■ **Exercise details**:
Keep the images out while you retype all of the data exactly.

■ **Given information**:
----------------

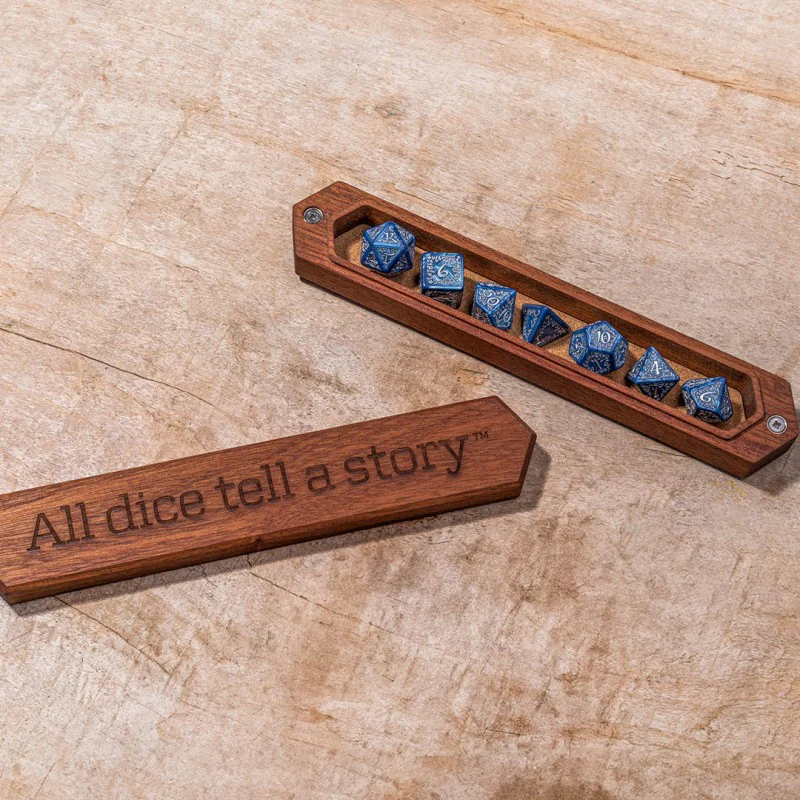 Q Workshop Sapelli All Dice Box - Image 3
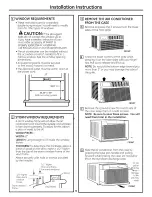 Предварительный просмотр 9 страницы GE AEN12 Series and Owner'S Manual And Installation Instructions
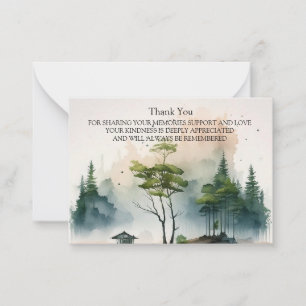 Carte De Correspondance Le Merci forestier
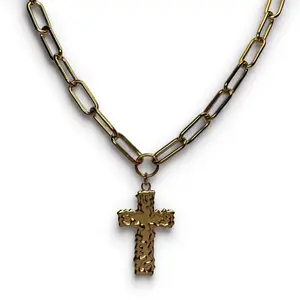 Fallen Angel Cross Chain stainless steel hypoallergenic cross chain for women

----------------

■ **Your solution**:
 Q Workshop Sapelli All Dice Box - Image 3
 Предварительный просмотр 9 страницы GE AEN12 Series and Owner'S Manual And Installation Instructions
 Carte De Correspondance Le Merci forestier
 Fallen Angel Cross Chain stainless steel hypoallergenic cross chain for women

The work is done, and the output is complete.